▶ _What is being asked_
Beginning with the line containing "hổ trở về chapter 42 41" and ending with the last line of the records, set down every line exactly.
··· Material for the task ···
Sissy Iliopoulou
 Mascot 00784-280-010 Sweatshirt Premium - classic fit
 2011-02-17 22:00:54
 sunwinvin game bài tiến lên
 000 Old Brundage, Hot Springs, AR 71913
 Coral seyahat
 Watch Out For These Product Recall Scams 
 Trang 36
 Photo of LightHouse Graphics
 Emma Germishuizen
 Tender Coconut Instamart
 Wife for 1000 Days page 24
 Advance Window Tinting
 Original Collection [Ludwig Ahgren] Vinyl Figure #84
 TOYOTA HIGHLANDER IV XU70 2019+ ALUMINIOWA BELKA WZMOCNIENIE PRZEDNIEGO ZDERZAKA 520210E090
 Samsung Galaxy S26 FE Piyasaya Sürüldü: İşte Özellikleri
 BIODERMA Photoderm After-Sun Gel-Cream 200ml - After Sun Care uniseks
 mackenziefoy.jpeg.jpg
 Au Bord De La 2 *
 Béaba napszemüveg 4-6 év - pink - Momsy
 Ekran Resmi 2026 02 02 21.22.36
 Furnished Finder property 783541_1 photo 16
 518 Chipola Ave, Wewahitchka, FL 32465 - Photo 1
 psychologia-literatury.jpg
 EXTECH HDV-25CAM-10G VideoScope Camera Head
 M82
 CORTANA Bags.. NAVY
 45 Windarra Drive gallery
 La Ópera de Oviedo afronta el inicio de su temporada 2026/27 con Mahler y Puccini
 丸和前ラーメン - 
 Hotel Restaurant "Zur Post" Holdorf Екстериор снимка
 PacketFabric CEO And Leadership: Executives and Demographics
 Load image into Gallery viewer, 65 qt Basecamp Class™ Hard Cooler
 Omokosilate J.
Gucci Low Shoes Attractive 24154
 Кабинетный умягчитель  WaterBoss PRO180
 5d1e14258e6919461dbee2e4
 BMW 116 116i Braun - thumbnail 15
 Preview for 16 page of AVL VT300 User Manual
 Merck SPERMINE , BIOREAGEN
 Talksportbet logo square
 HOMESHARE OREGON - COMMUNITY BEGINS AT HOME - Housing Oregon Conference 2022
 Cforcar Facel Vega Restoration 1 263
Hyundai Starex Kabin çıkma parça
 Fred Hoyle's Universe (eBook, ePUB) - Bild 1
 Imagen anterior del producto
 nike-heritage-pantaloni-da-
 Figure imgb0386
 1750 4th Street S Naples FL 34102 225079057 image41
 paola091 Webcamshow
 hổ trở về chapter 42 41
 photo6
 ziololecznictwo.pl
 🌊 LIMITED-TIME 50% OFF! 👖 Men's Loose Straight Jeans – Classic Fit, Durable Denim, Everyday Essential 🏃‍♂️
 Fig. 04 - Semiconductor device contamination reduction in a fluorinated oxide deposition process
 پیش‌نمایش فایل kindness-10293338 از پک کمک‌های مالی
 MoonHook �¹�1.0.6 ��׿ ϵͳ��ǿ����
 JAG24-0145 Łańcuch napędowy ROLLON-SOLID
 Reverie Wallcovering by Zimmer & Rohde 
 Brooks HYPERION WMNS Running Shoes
···
▶ _Response to this exercise_
 hổ trở về chapter 42 41
 photo6
 ziololecznictwo.pl
 🌊 LIMITED-TIME 50% OFF! 👖 Men's Loose Straight Jeans – Classic Fit, Durable Denim, Everyday Essential 🏃‍♂️
 Fig. 04 - Semiconductor device contamination reduction in a fluorinated oxide deposition process
 پیش‌نمایش فایل kindness-10293338 از پک کمک‌های مالی
 MoonHook �¹�1.0.6 ��׿ ϵͳ��ǿ����
 JAG24-0145 Łańcuch napędowy ROLLON-SOLID
 Reverie Wallcovering by Zimmer & Rohde 
 Brooks HYPERION WMNS Running Shoes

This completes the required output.